Work request: Look through the data below and work out how many lines contain the string "Photo". Give the number alone.

Data to examine:

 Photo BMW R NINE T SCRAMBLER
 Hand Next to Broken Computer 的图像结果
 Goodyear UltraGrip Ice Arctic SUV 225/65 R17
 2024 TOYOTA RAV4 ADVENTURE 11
* * *
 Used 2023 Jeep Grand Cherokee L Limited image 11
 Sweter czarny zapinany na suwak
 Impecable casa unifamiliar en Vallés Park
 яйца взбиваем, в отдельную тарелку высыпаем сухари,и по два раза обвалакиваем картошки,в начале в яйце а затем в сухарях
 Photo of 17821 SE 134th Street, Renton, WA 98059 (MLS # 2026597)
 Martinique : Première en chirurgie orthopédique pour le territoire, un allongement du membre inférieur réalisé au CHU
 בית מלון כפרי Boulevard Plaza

Solution: 2